## What you have to do
Copy each record below faithfully, leaving out images.

## Data
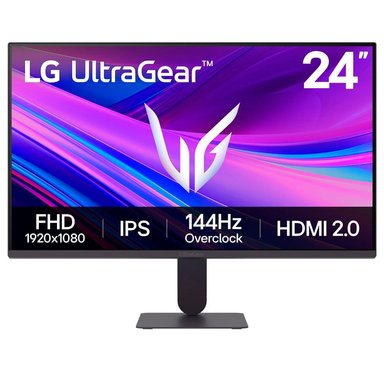 MONITOR LG ULTRAGEAR 24G411A-B 24' FHD 144 HZ 5 MS IPS PLANO - 1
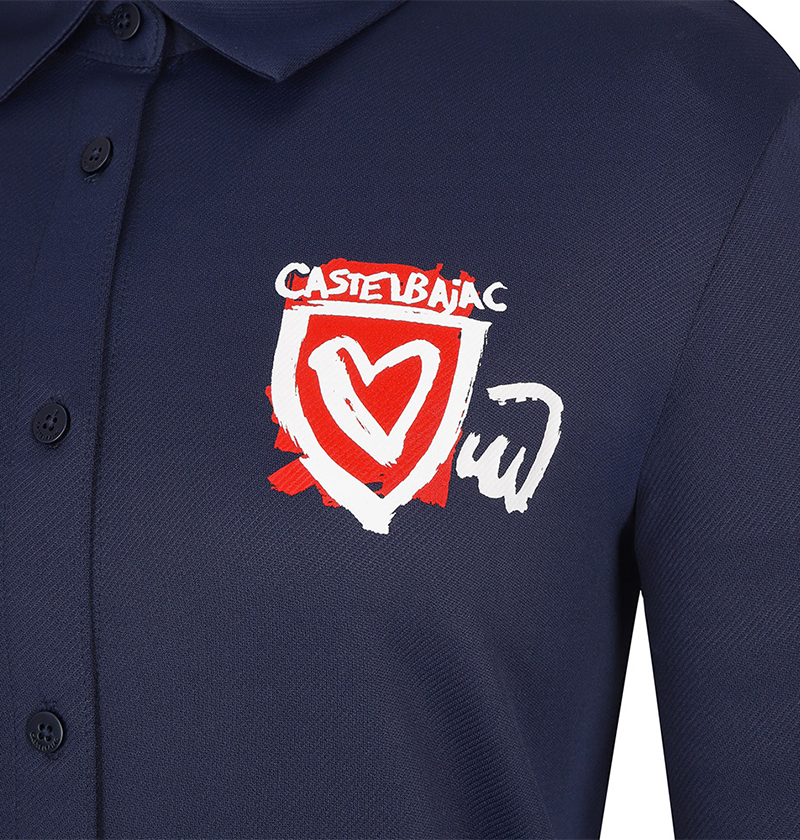 Castelbajac Women's Jersey Long-Sleeve Shirt - Navy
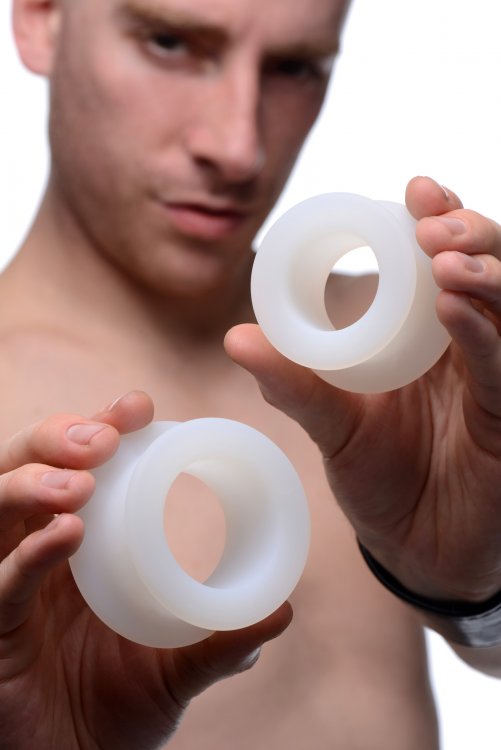 Stretch Master 2 Piece Training Silicone Ass Grommet set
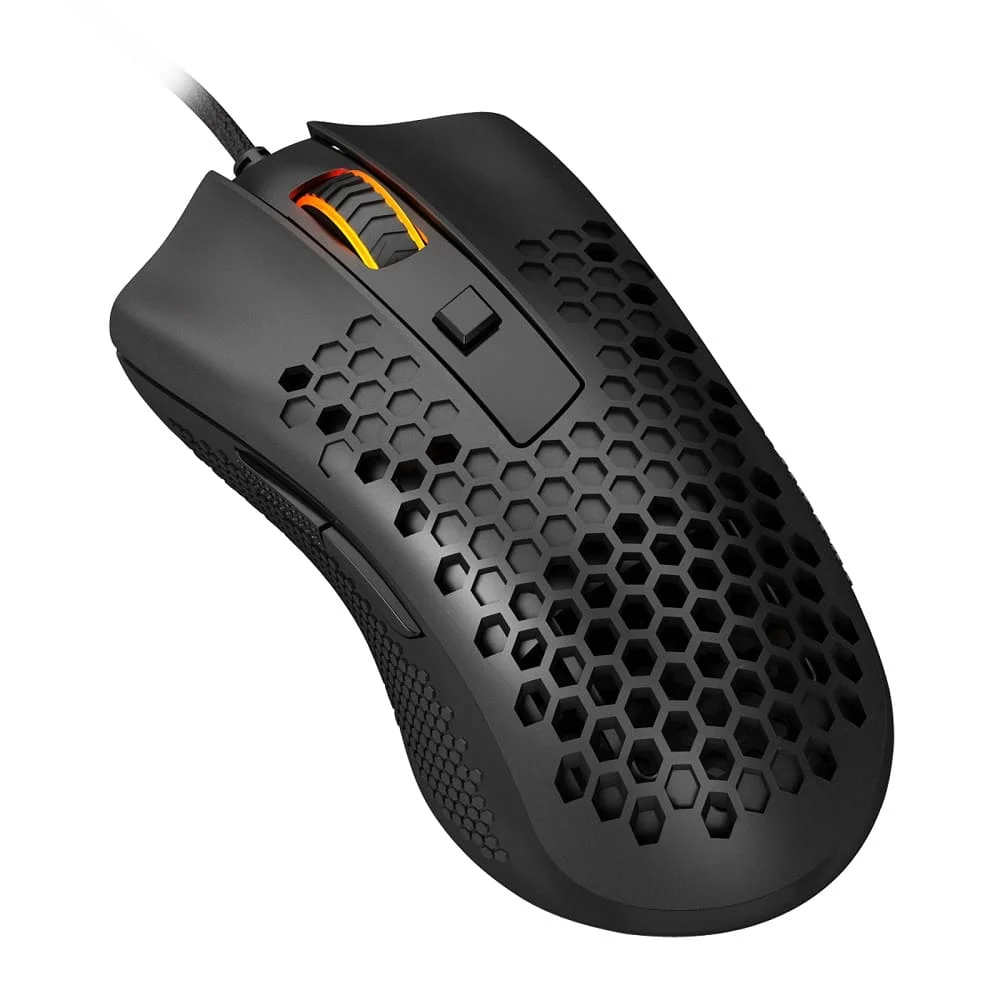 Imagem 4 de 5 do produto Mouse Gamer Redragon Storm, Com Fio, RGB, 12400 DPI, 6 Botões, Preto - M808-N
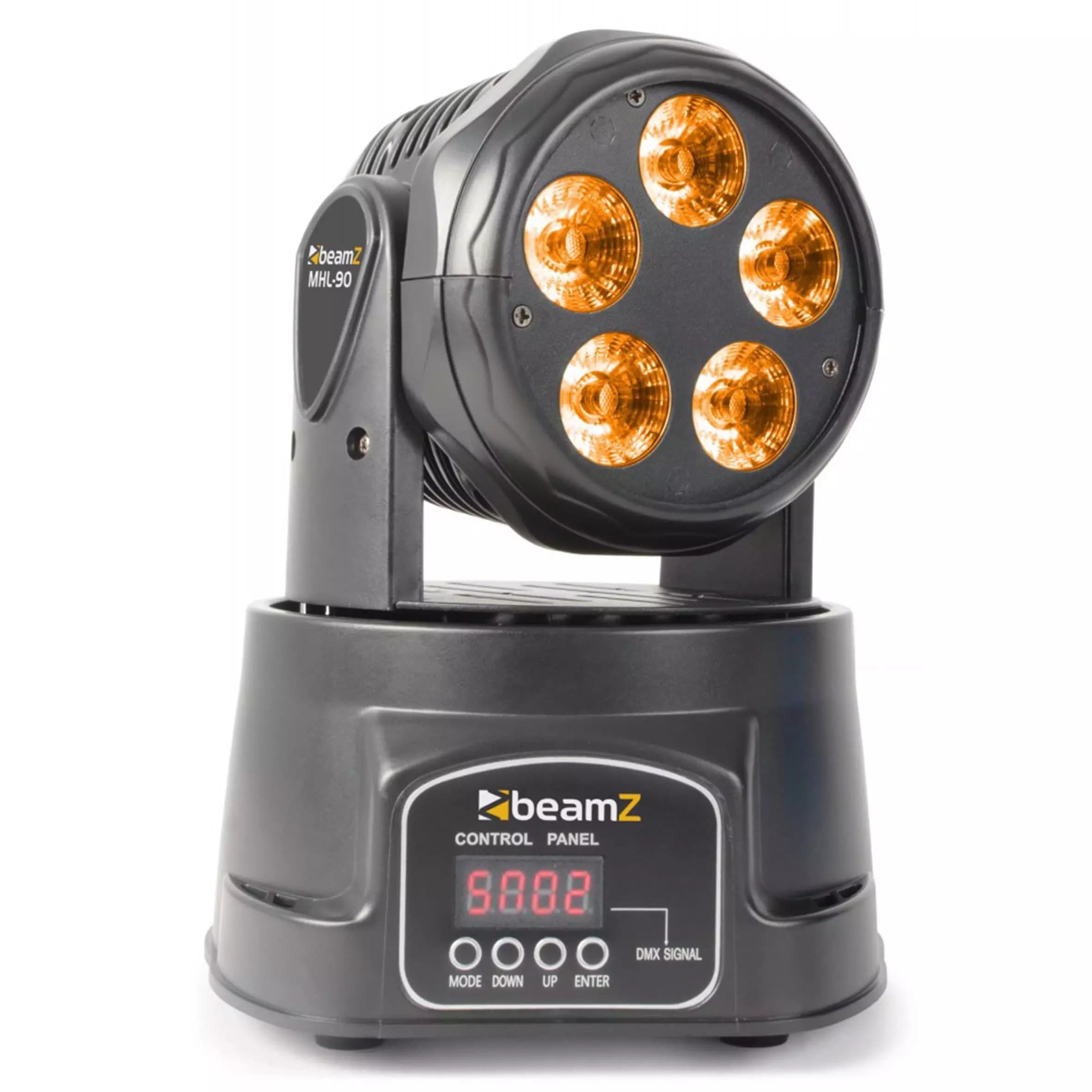 BeamZ MHL90 LED Moving Head Wash 5x 18W RGBAWUV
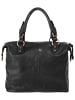 Forty degrees Handtasche in schwarz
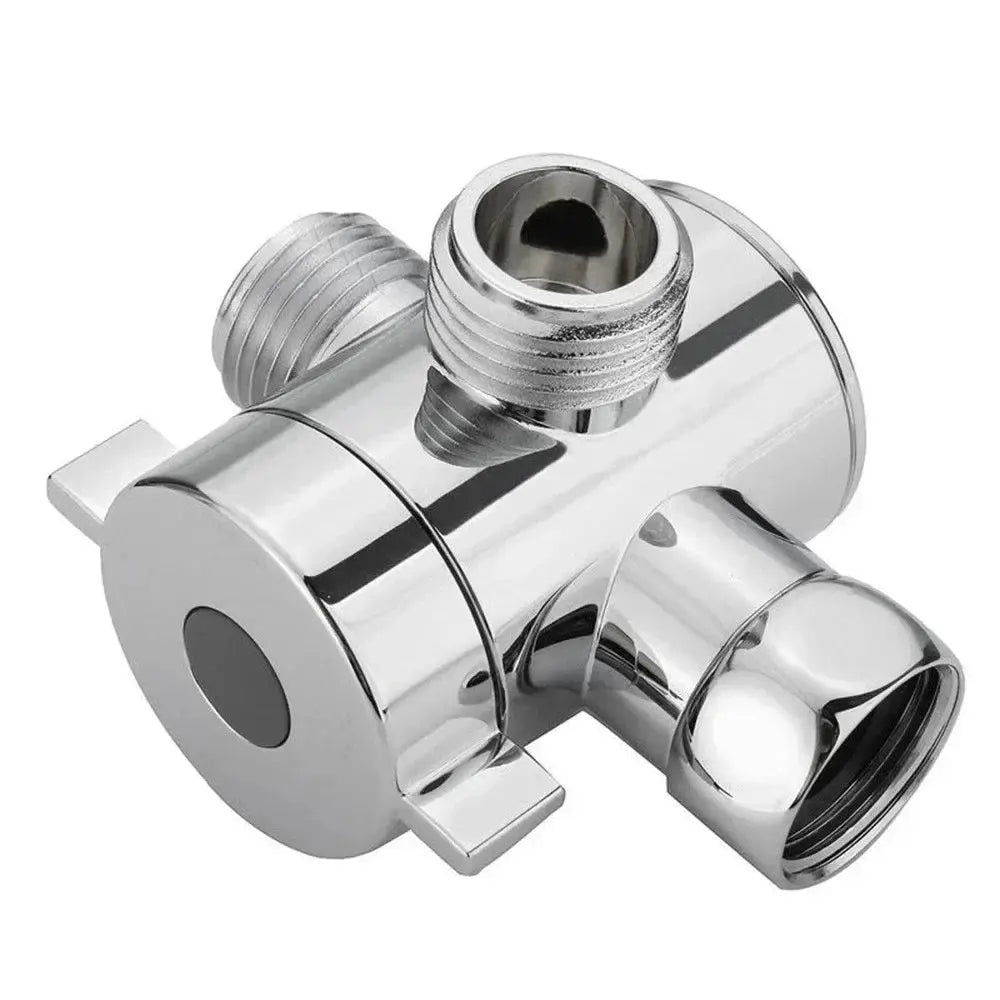 Diverter valve by Simples Market, chrome G1/2 splitter for 2/3‑way shower faucet adapter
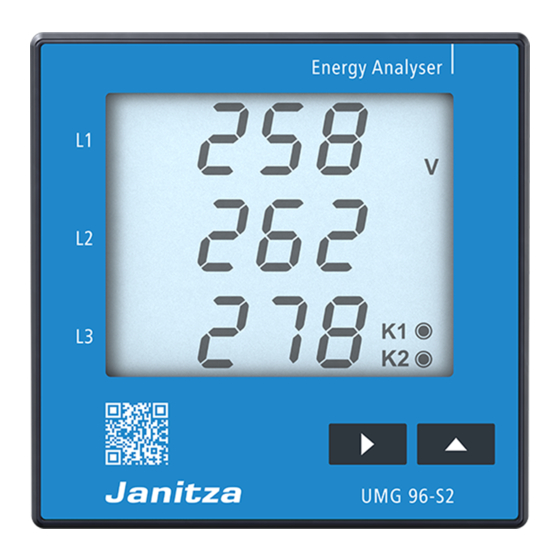 janitza UMG 96-S2 Softwarehandbuch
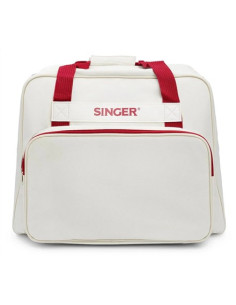 Uniwersalny Futerał Singer, 25010000204 | Kremowy/Czerwony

## Answer to the exercise
 MONITOR LG ULTRAGEAR 24G411A-B 24' FHD 144 HZ 5 MS IPS PLANO - 1
 Castelbajac Women's Jersey Long-Sleeve Shirt - Navy
 Stretch Master 2 Piece Training Silicone Ass Grommet set
 Imagem 4 de 5 do produto Mouse Gamer Redragon Storm, Com Fio, RGB, 12400 DPI, 6 Botões, Preto - M808-N
 BeamZ MHL90 LED Moving Head Wash 5x 18W RGBAWUV
 Forty degrees Handtasche in schwarz
 Diverter valve by Simples Market, chrome G1/2 splitter for 2/3‑way shower faucet adapter
 janitza UMG 96-S2 Softwarehandbuch
 Uniwersalny Futerał Singer, 25010000204 | Kremowy/Czerwony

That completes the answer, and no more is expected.